Aristotle's Nicomachean Ethics: An In-Depth Explanation
The script, now available to paid subscribers.
I just released a new video over on my YouTube channel, all about Aristotle’s Nicomachean Ethics. I’m building on work that we did together this summer when we read the book.
Below, you’ll find a script — though it doesn’t line up word-for-word with the final video. Things change in the filming and editing, and I don’t go back and revise the script after that.
Every good work of philosophy is trying to answer a question. And for Aristotle’s Nicomachean Ethics, that question is simple: what is the best human life?And we’re going to answer that question with Aristotle today.
Instead of going book by book, we’ll talk about major themes of the book, like:
Happiness and the good life
The virtues
The disagreements between Aristotle and the Stoics
Aristotle’s theory of friendship
And the role of contemplation in the good life
But first we need to know who Aristotle was.

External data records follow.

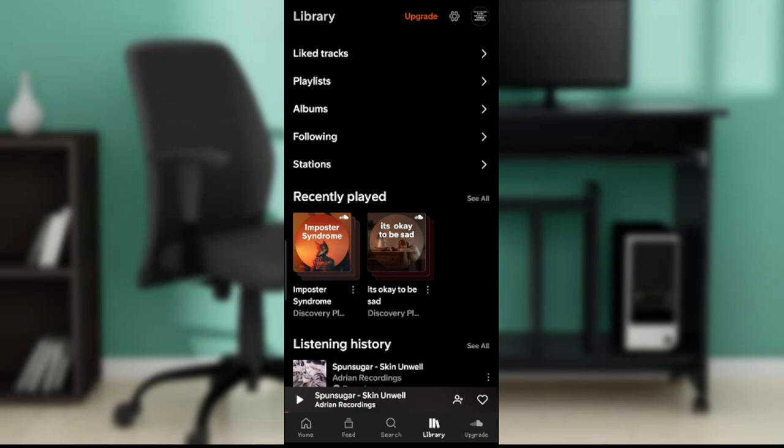It's gonna open up this window where you find liked tracks, playlist, albums, following, stations. Now from here, just check the top right corner of your screen where you find your profile picture. Now if you don't have a profile picture, you're new to SoundCloud, you're just gonna find the first letter of your name.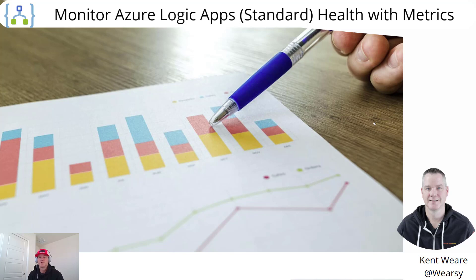Hello and welcome to the channel. Today we're going to talk about monitoring Azure Logic App Standards health with metrics. Let's go.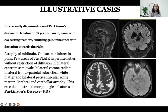Illustrative case 1: a recently diagnosed 71-year-old male with Parkinson's disease on treatment, presenting with resting tremor, shuffling gait, balance imbalance and deviation towards the right. MRI was suggestive of atrophy of the midbrain, old lacunar infarct in the pons, few T2 FLAIR hyperintensities without restriction of diffusion in bilateral CSO and CR, bilateral frontal and parietal regions suggestive of chronic ischemic changes, and cerebral and cerebellar atrophy. This case demonstrated morphological features of Parkinson's disease.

Aristotle and His Influence
Aristotle sits alongside giants of philosophy such as Plato, Kant, Hegel, and Spinoza as a wide-ranging, systematic philosopher. He was interested in quite literally everything.
Born in 384 BC, Aristotle studied at Plato’s academy for nearly 20 years. He eventually would go on to found his own school, the Lyceum, which survived until the Roman general Sulla destroyed it in 86 BC.
The followers of Aristotle in the classical world were known as the Peripatetics.
Like with Plato, it is difficult to overstate Aristotle’s influence in the history of ideas. His work on natural philosophy provided a framework for science until the early modern period with thinkers like Galileo; his work in metaphysics was the foundation of medieval philosophy and exerted considerable influence in the Islamic world as well; his work on logic wasn’t superseded really until the 19th century.
And that is the quick summary — Aristotle wrote on rhetoric, metaphysics, logic, biology, geology, meteorology, the list goes on.